This section describes how to configure the environment on an Snt9b BMS, including merging and mounting disks and installing Docker. Pay attention to the following before the configuration:

• During the the first installation, once you have configured the basic information such as storage, firmware, driver, and network access, try not to make any changes.
• For developers who need to develop on a BMS, start an independent Docker container as your personal development environment. The Snt9b BMS contains eight-card compute resources, which can be used by multiple users for development and debugging. To avoid usage conflicts, cards should be arranged to each user beforehand, and users should develop in their own Docker containers.
• ModelArts provides standard base container images, in which the basic MindSpore/PyTorch framework and the development and debugging tool chain are preset. You can use the image directly. Alternatively, you can use your own service images or images provided by AscendHub. If the software version preset in the image does not meet your requirements, you can install and replace it.
• Use the exposed SSH port to connect to the container in remote development mode (VSCode SSH Remote or Xshell) for development. You can mount your storage directory to the container to store code and data.
  

  Most operations in this guide have been preset in the latest Snt9b BMS environment. No further configuration is required. Skip the step if it has been preset.

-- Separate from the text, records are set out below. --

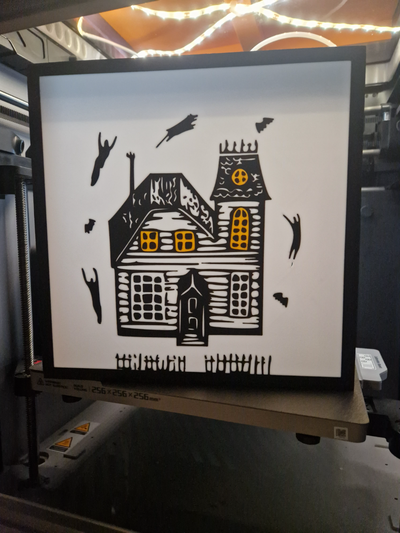 haunted house light box halloween by 3dgiftsbe kids horror 3d print model - Mito3D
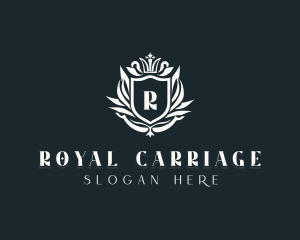 Crown Royalty Wreath logo design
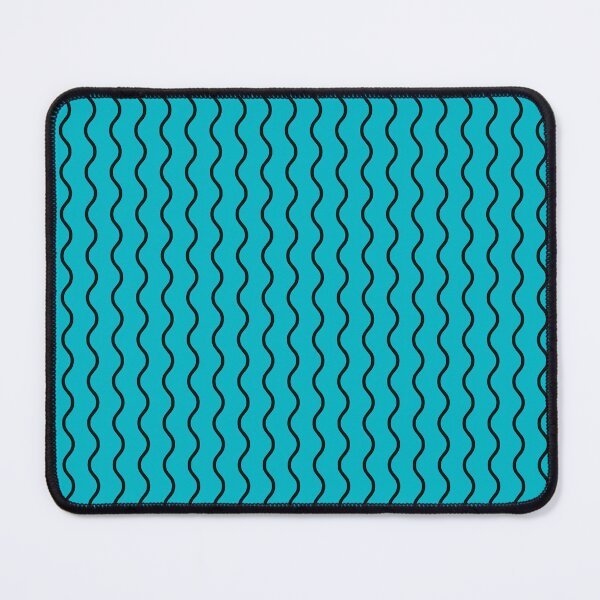 Item preview, Cyan And Black Waves Pattern designed and sold by pattern-archive.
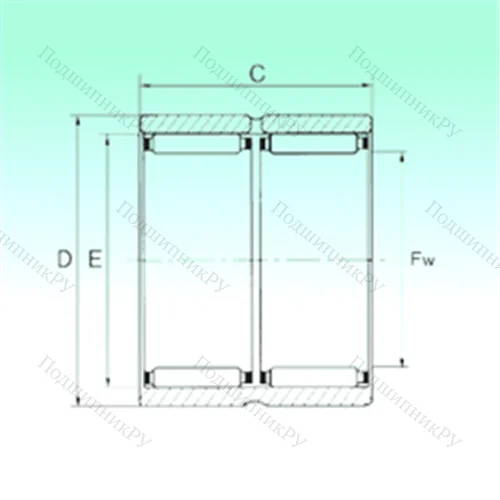 Подшипник игольчатый радиальный RNAO 16x24x20 - ZW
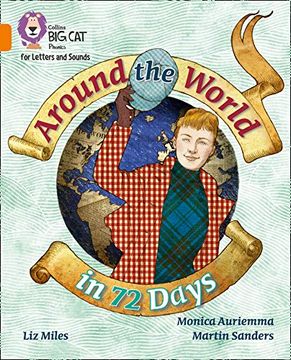 portada Collins big cat Phonics for Letters and Sounds – Around the World in 72 Days: Band 6 (en Inglés)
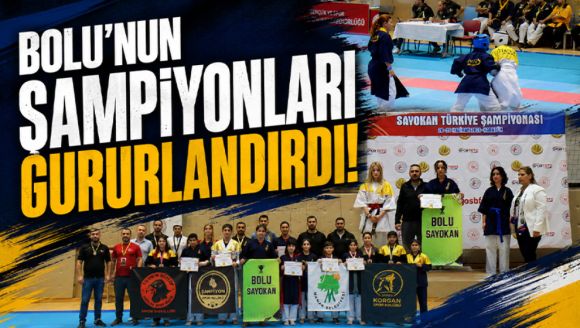 Bolu'nun Şampiyonları Gururlandırdı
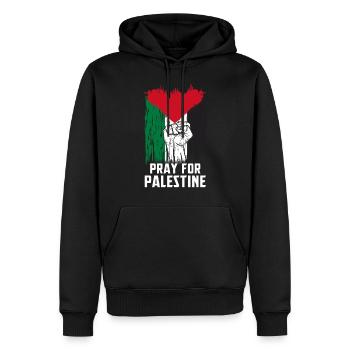 Palästina - Männer Premium Bio Hoodie - Schwarz - Vorne - Nico (187cm)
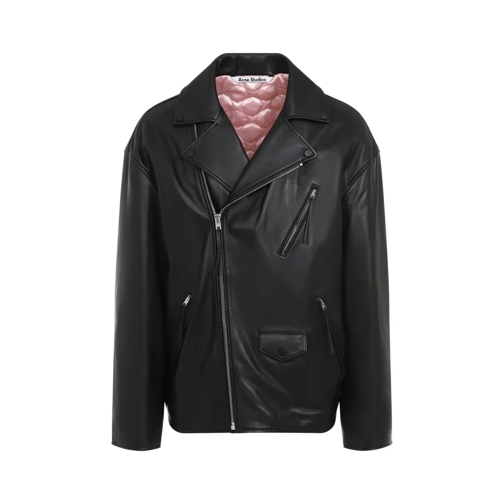 Acne Studios Lederjacken Leather Jacket Black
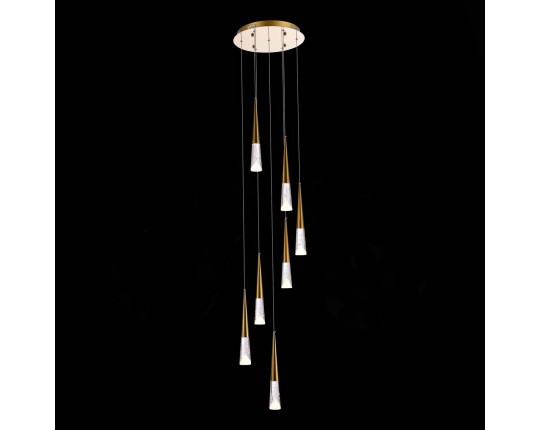 SL6111.203.07 Люстра подвесная ST-Luce Золотистый/Прозрачный LED 7*3W 3000K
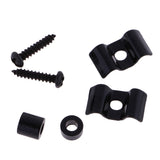 Maxbell Guitar Roller String Tree Guide Retainer Set for ST SQ Electric Guitar Black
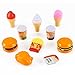 Deluxe Fast Food Lunch Play Set for Kids with Burgers, Chicken, Fench Fries, Ice Cream Dessert and Drinks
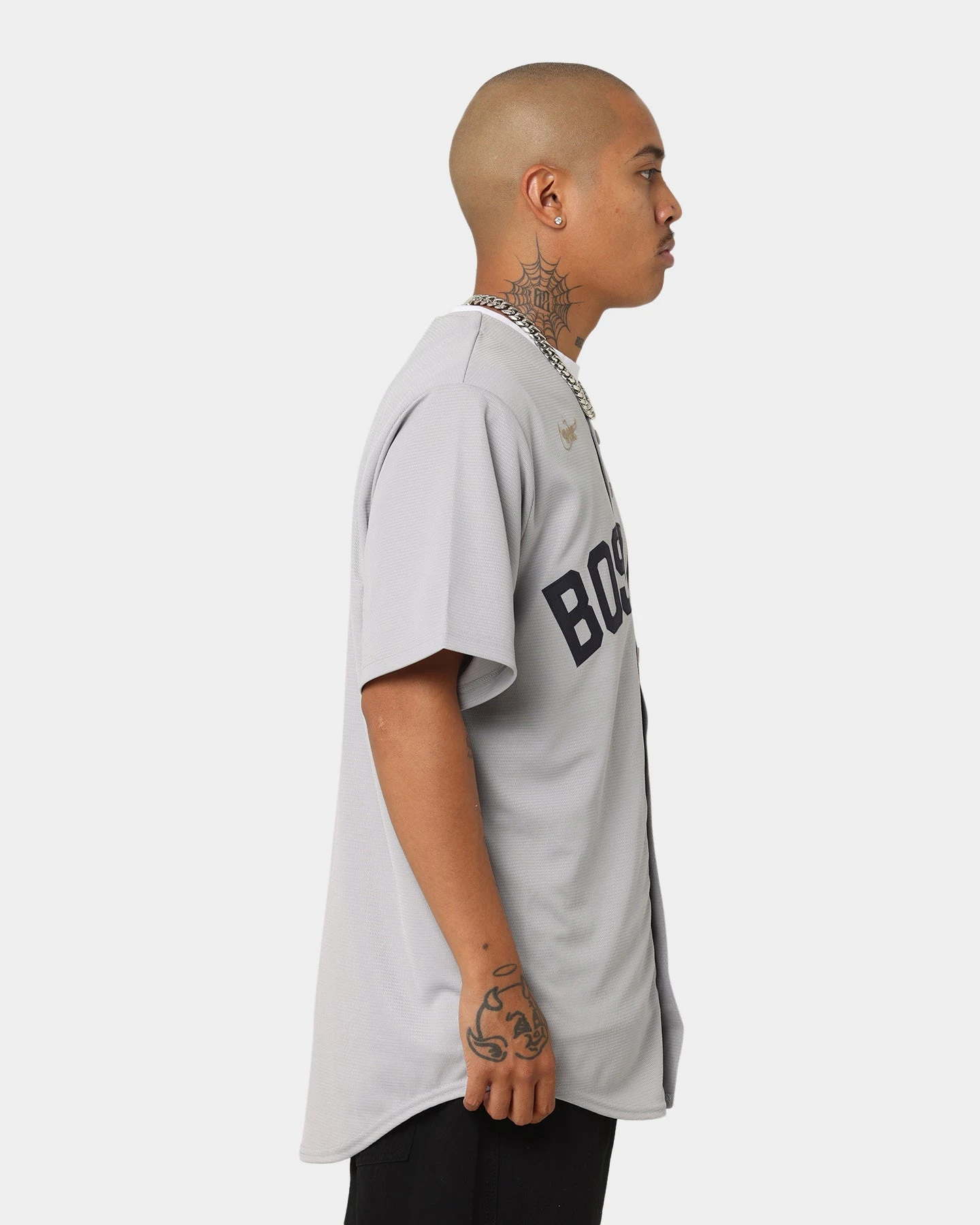 Nike Boston Red Sox Official Cooperstown Jersey Dugout Grey 7 Nike Boston Red Sox Official Cooperstown Jersey Dugout Grey - Image 5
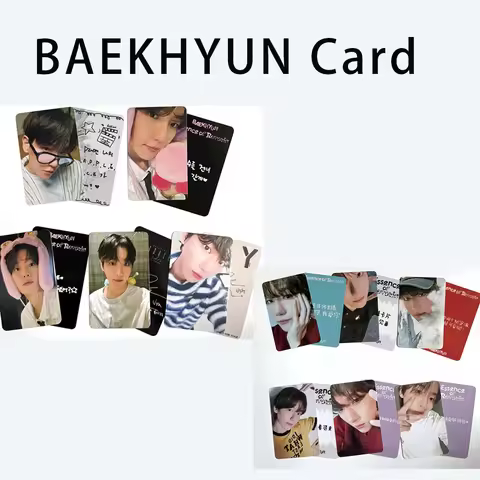 Kpop BAEKHYUN ESSENCE OF REVERIE Album Photocards Double Sides Special Coated Card Korean Style LOMO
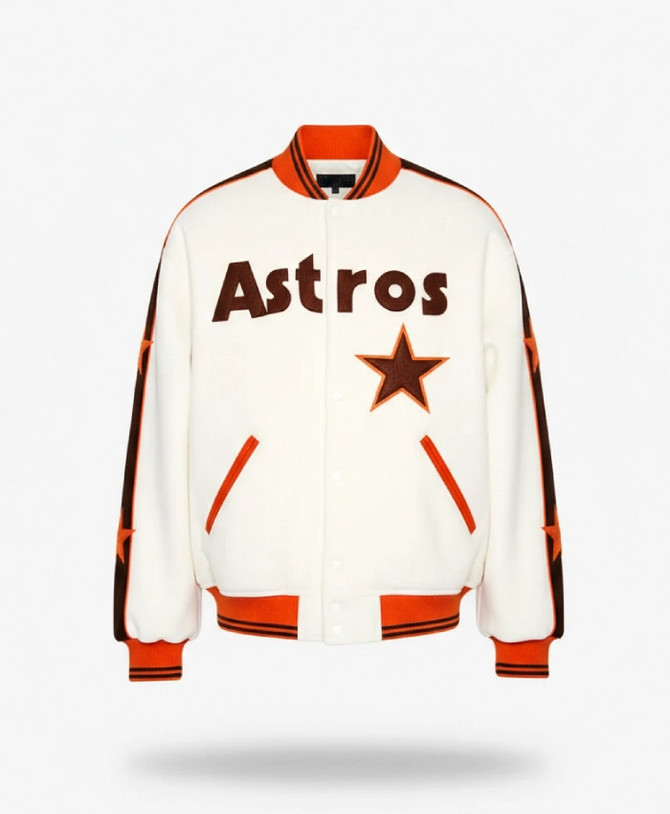 Supreme SS26 Houston Astro Varsity Jacket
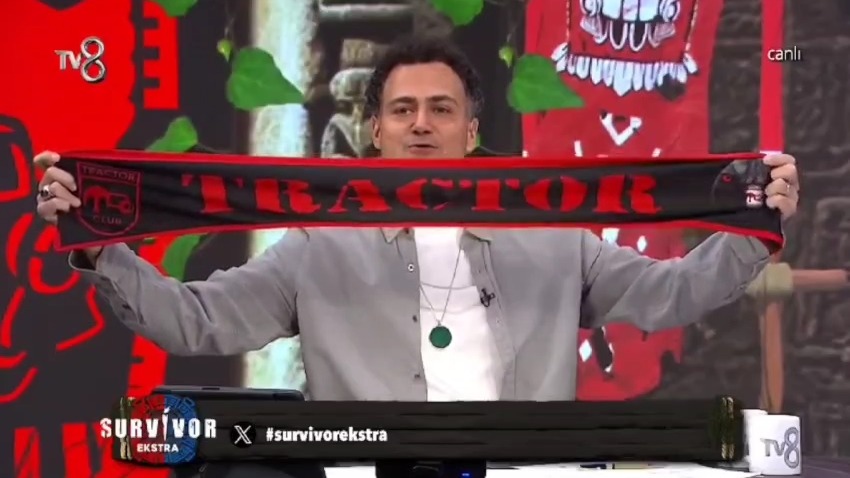 تبریک قهرمانی تراکتور توسط مجری شبکه TV8 ترکیه
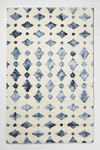 Anthropologie Moroccan Tile Rug By  In Blue Size 3 X 5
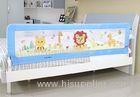 Secure Baby Bed Rails 180CM Lovely Cartoon Design With Woven Net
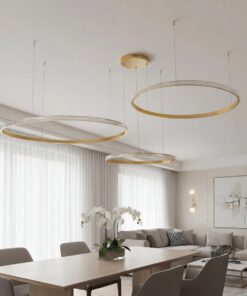 kelvo® DIAMOND KLV-101-0246 Κρεμαστό Φωτιστικό Οροφής LED 150W 15000lm 180° AC 220-240V IP20 Ρυθμιζόμενο Λευκό CCT με Χειριστήριο από 2700K έως 6000K Dimmable – Lumileds SMD Chip – Χρυσό Πλατίνα – Μ170 x Π170 x Υ60cm – 3 Χρόνια Εγγύηση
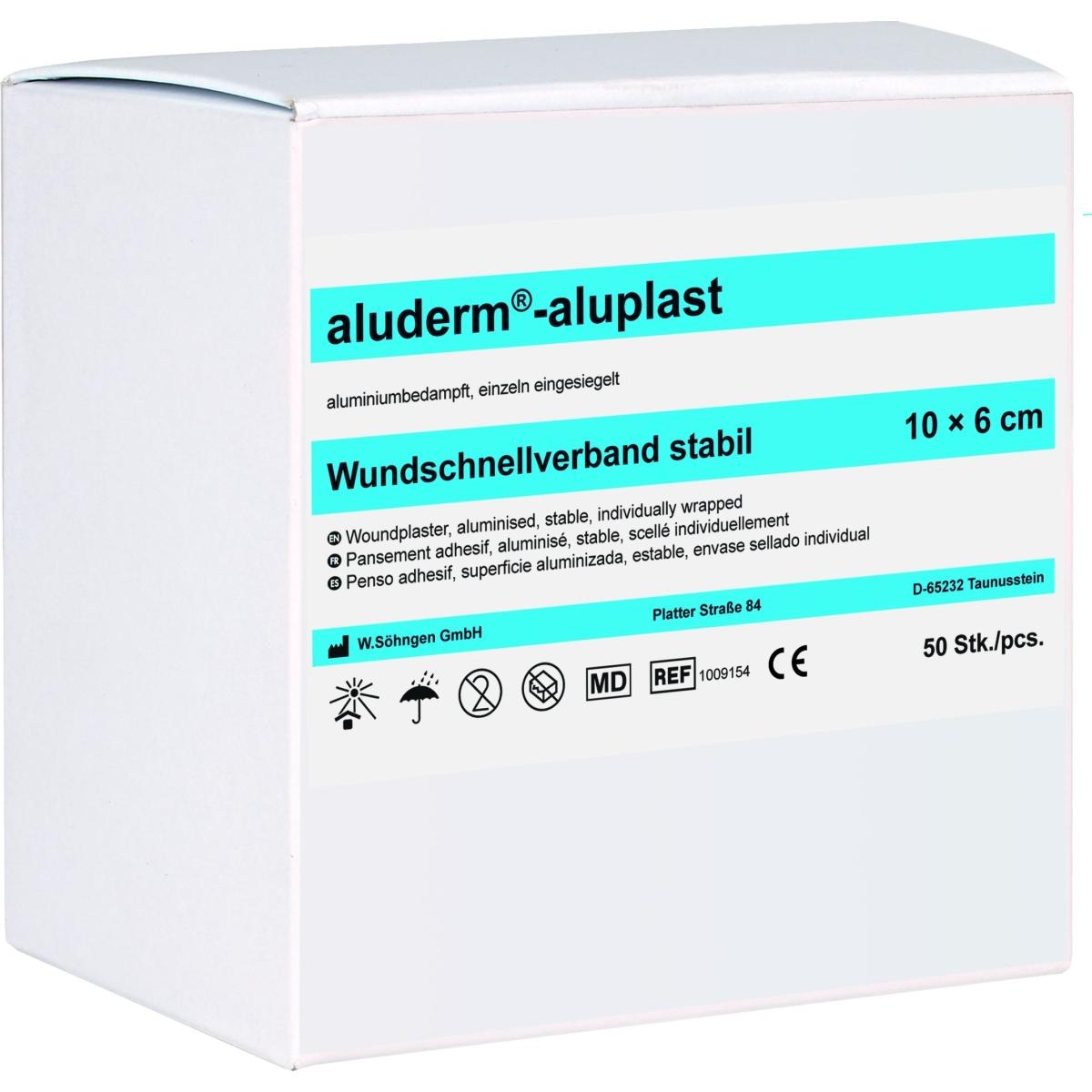 Thumbnail - Söhngen, Pflaster, aluderm aluplast Pflaster starr / stabil 10x6cm, 50 Stk., einzeln (1 x)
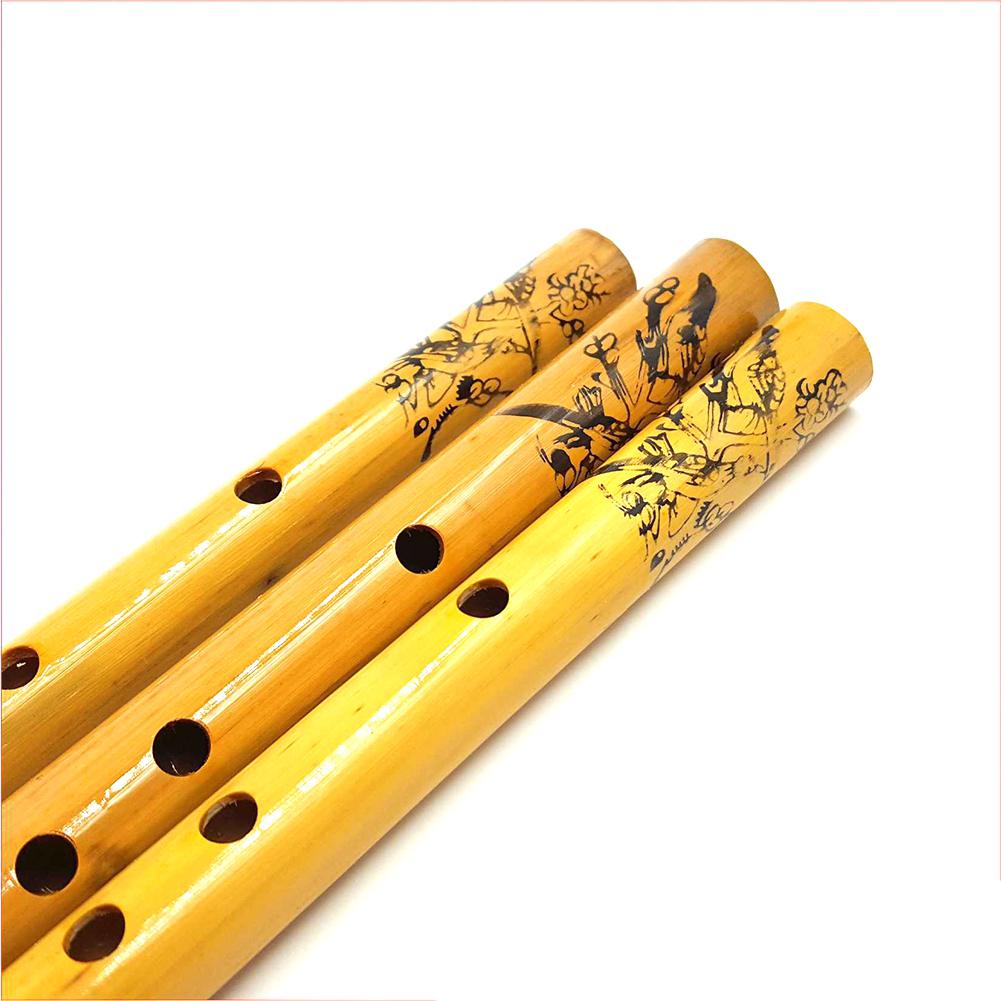 44cm traditionelle kinesiske 6 hullers bambusfløjte lodret fløjte musikinstrument kinesisk dizi transversal flauta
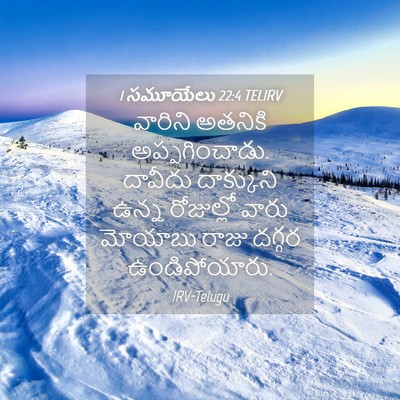 Picture 04 - 1 సమూయేలు 22:4 TELIRV - వారిని అతనికి - Bible Verse Picture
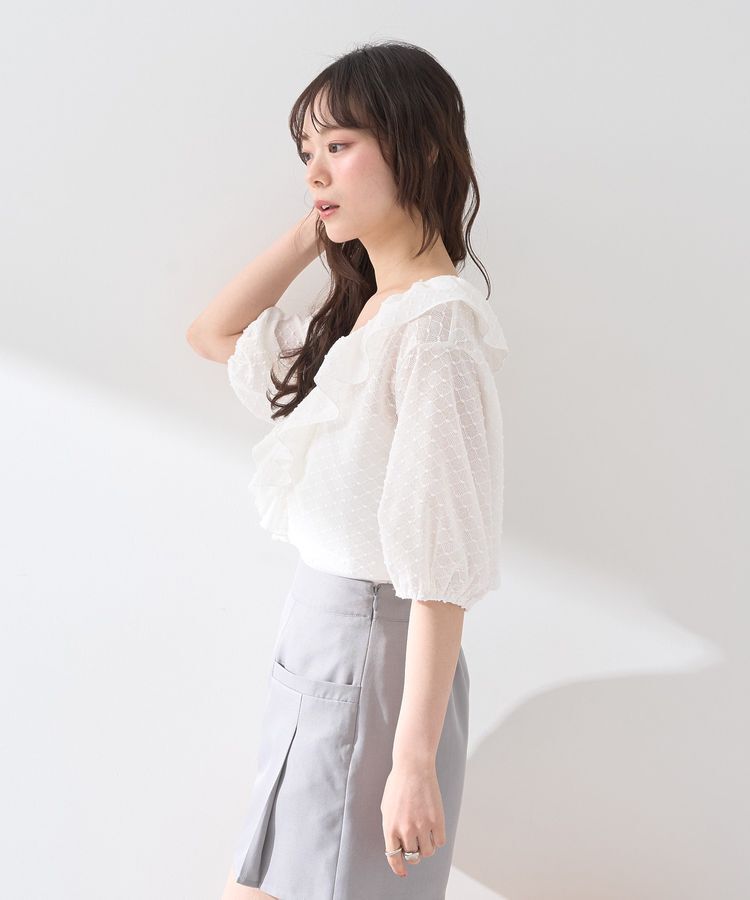 earth music&ecology「ラッフルカットショートボレロ」|カーディガン|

Physical Machine Environment Configuration

1. Configure timeout parameters.

   Log in to the server using SSH and check the timeout configuration.

   echo $TMOUT

   If it is set to 300, the server is disconnected after 5 minutes. You can configure the parameter to set a longer timeout interval. If it is set to 0, skip this step. Run the following commands to configure the parameter:

   vim /etc/profile 
   # Change the value of TMOUT from 300 to 0 at the end of the file. The value 0 indicates that the idle connection is not disconnected.
   export TMOUT=0

   Run the following command for the configuration to take effect on the current terminal:

   TMOUT=0

2. Merge and mount disks.

   After a BMS is purchased, there might be multiple unmounted nvme disks on the server. Before configuring the environment, you need to merge and mount the disks. This operation must be performed at the very first so that the content you stored will not be overwritten.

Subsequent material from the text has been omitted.